Print out every line of the material exactly. Include no pictures.

----- RECORDED INFORMATION -----

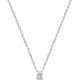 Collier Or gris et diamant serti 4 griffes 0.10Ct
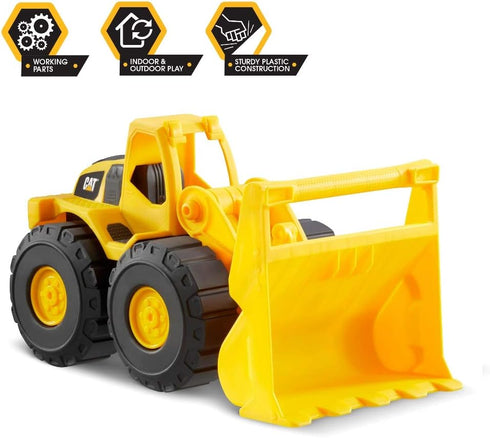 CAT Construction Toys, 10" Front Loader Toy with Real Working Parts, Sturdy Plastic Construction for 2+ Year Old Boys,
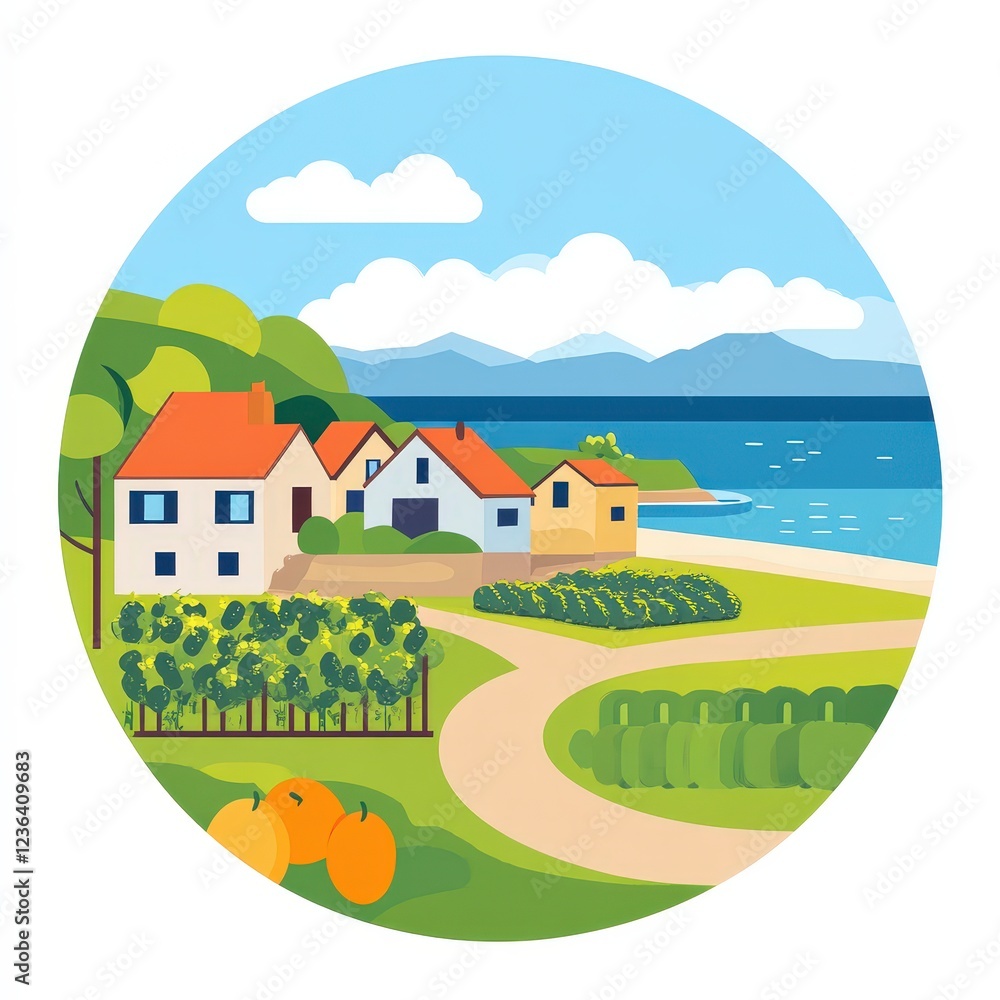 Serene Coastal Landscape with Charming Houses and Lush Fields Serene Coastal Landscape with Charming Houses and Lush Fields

-----

▶ **EXERCISE ANSWER**:
 Collier Or gris et diamant serti 4 griffes 0.10Ct
 CAT Construction Toys, 10" Front Loader Toy with Real Working Parts, Sturdy Plastic Construction for 2+ Year Old Boys,
 Serene Coastal Landscape with Charming Houses and Lush Fields Serene Coastal Landscape with Charming Houses and Lush Fields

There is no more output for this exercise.